[Entries taken from a collection]
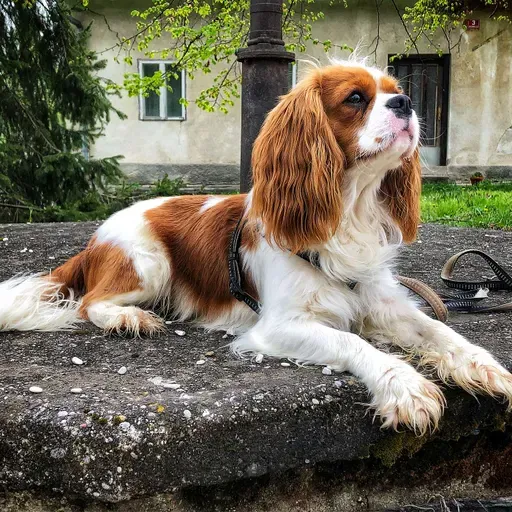 👫 ... Vzgoja ali vzgajati glede na osebnost 🌀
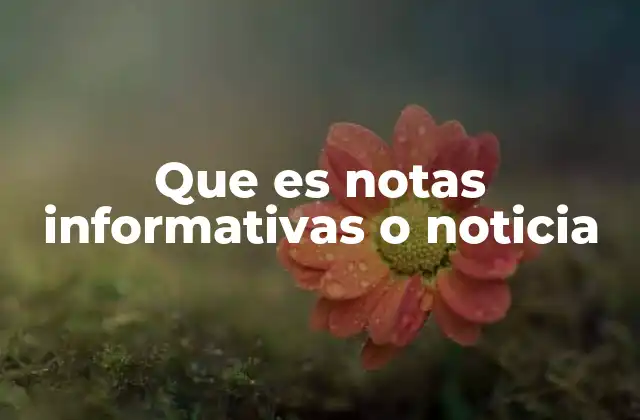 Que es Notas Informativas o Noticia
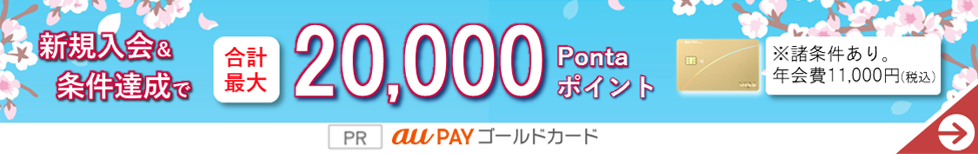 新規入会&条件達成で合計最大20,000Pontaポイント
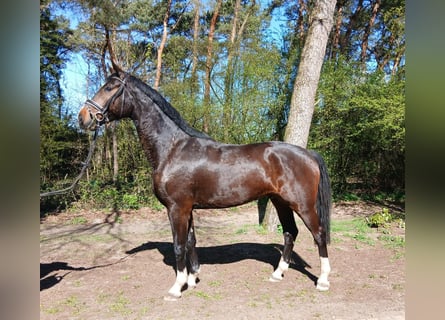 Oldenburg, Gelding, 4 years, 17,1 hh, Bay-Dark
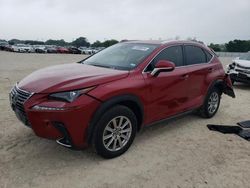 Salvage cars for sale at San Antonio, TX auction: 2020 Lexus NX 300
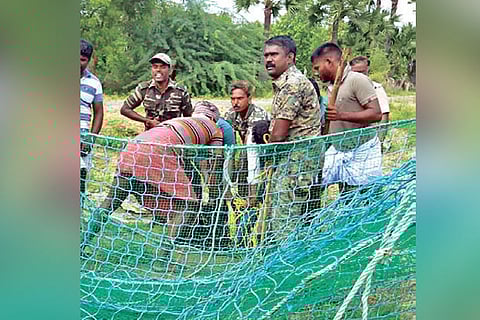 Watchers catch the bear in a net on Monday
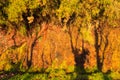 Natural wet orange stone wall with green plants Royalty Free Stock Photo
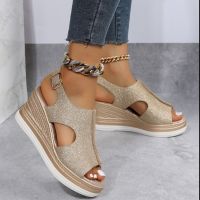 2023 New Cut Out Glitter Color Golden Silver Women Casual Wedges Sandals One Line Buckle Peep Toe Women Summer Beach Sandals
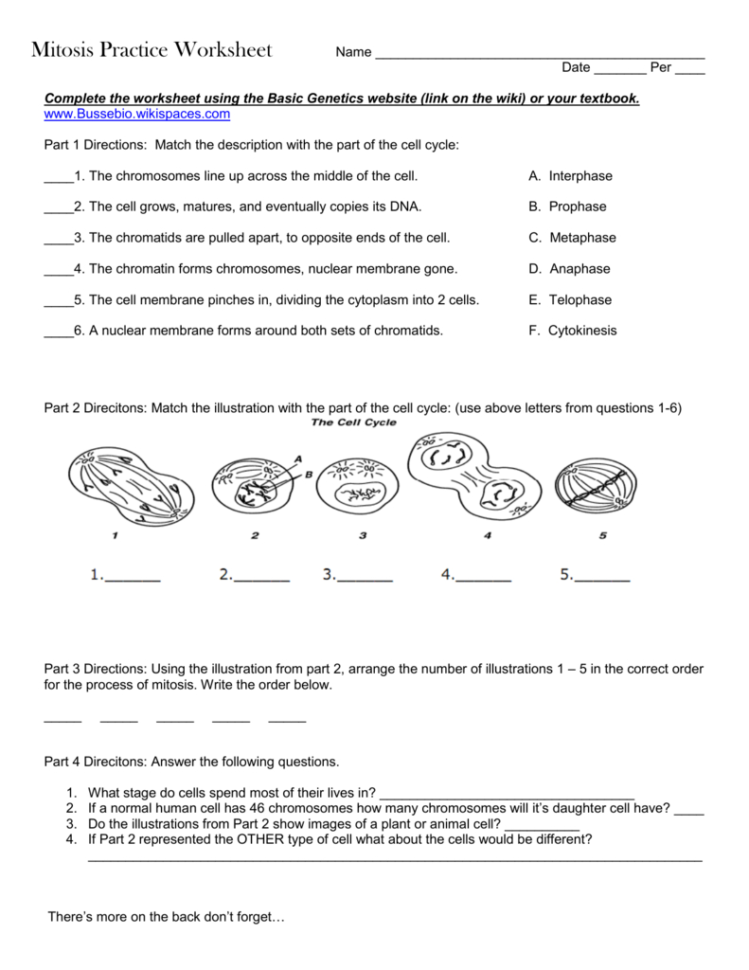 Mitosis Practice Worksheet — db-excel.com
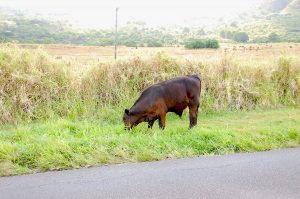 ハイウェイ脇で草を食む脱柵中の牛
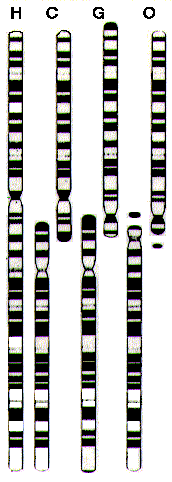 A) B) Ryc. 3.3.3 A) Chromosom 2 człowieka i jego analogi u małp naczelnych (Williams, 2005). B) Wzór prążków ukazuje jak podobne są chromosomy naczelnych.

* **Task to complete**
Where an entry contains an image, skip the image and write out the rest exactly.

* **Solved exercise**
 👫 ... Vzgoja ali vzgajati glede na osebnost 🌀
 Que es Notas Informativas o Noticia
 新規入会&条件達成で合計最大20,000Pontaポイント
 Oldenburg, Gelding, 4 years, 17,1 hh, Bay-Dark
 Salvage cars for sale at San Antonio, TX auction: 2020 Lexus NX 300
 Watchers catch the bear in a net on Monday
 Natural wet orange stone wall with green plants Royalty Free Stock Photo
 2023 New Cut Out Glitter Color Golden Silver Women Casual Wedges Sandals One Line Buckle Peep Toe Women Summer Beach Sandals
 Mitosis Practice Worksheet — db-excel.com
 ハイウェイ脇で草を食む脱柵中の牛
 A) B) Ryc. 3.3.3 A) Chromosom 2 człowieka i jego analogi u małp naczelnych (Williams, 2005). B) Wzór prążków ukazuje jak podobne są chromosomy naczelnych.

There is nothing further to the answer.